What does SVB’s Collapse Mean for the Cannabis Industry?
"The risk of failure and deposit losses here is that the next, least well-capitalized bank faces a run and fails and the dominoes continue to fall," Bill Ackman, Billionaire Investor, Hedge Fund Manag
Agree or disagree, when Bill Ackman talks you better listen.
Silicon Valley Bank, the 19th largest bank in the US with $200B in assets and 40K customers, went bust last Friday. California-based SVB was a big lender to American start-ups.
Beyond short term volatility, there will be ramifications for the California cannabis industry not to mention the broader sector.
SVB’s key vulnerabilities (unrealized losses in their bond portfolios, rising interest rates, falling deposits and narrow sector exposure) were not unique to them. All banks face this bond problem and some of those banks who service cannabis firms may be over-exposed to our sector.
SVB’s failure was already felt in the California wine industry. Thousands of wineries were completely locked out of their accounts on Friday. On Sunday, regulators promised to backstop depositors enabling access to funds today though equity and bondholders will be all but wiped out.

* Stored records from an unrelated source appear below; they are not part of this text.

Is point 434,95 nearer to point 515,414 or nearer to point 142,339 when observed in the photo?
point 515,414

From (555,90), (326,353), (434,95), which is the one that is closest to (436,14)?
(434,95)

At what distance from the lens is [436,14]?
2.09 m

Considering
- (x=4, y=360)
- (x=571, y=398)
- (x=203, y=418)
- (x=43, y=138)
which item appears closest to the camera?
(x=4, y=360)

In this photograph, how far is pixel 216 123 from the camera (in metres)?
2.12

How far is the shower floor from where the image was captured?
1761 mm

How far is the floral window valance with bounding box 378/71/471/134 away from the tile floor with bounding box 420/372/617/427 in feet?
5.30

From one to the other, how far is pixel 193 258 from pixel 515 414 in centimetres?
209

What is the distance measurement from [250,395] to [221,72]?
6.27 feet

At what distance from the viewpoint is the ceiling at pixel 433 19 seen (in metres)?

A key question is whether SVB’s failure is an unfortunate one off or a harbinger of further troubles at other financial institutions. True, most cannabis firms are not directly impacted since they work with smaller non-California banks, alternative lenders and credit unions. However, it’s the 2nd & 3rd order impacts of the SVB collapse that is worrisome.
Here’s why:
> There is a decent chance markets will see big declines over the short term, further driving down MSO & LP share prices.

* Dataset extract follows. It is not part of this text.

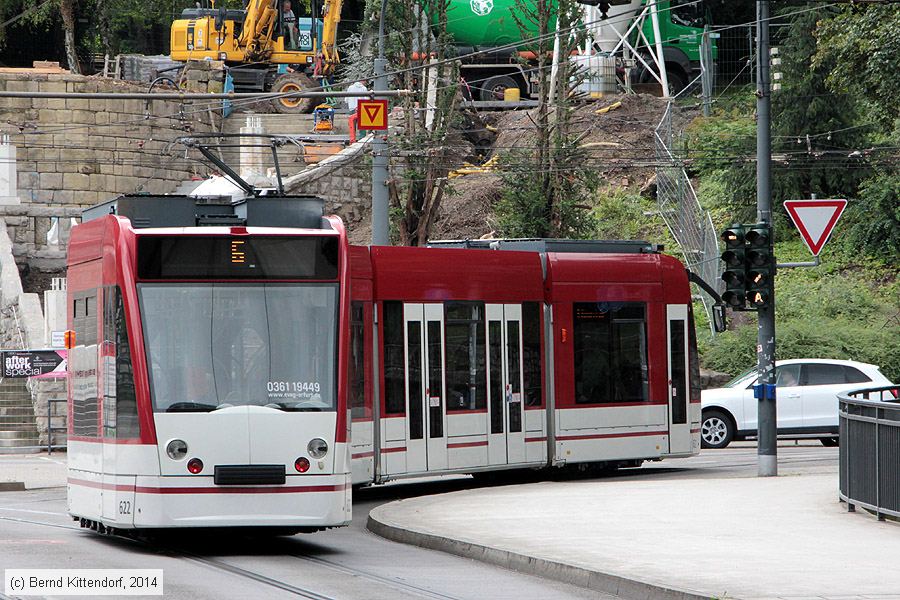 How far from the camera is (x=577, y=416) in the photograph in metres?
20.3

> The crisis could send a chill to the market, making equity capital even more scarce and seeing deposits flee small banks to larger, safer ones.
> Banks or other lenders who don’t limit exposure by industry will now put limits by sector, potentially reducing available credit and/or increasing the cost of that credit.

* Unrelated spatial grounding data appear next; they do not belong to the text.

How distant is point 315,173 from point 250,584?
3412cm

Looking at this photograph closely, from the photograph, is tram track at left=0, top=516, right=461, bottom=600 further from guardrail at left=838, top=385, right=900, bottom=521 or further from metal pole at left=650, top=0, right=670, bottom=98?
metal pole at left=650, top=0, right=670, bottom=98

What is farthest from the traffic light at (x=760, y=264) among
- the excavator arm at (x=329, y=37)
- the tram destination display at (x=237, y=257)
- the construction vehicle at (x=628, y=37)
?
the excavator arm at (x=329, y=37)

> SVB could trigger a 2008-like run on the California banking system – and beyond. People are watching warily for other cracks to emerge as the Fed's policy tightening continues.
The situation is fluid. There will be no government bailout; a Sunday auction of SVB assets was inconclusive.
Cannabis leaders can’t afford to tarry. They should start by checking the status of their deposits (if any) and whether their funders have SVB exposure.
Furthermore, leaders should diversify their banking & payments business to another institution, set up a cash reserve, and review their near-term spending plans. Finally, they must ensure your Chief Risk Officer and Board are monitoring this situation closely and communicating to all stakeholders.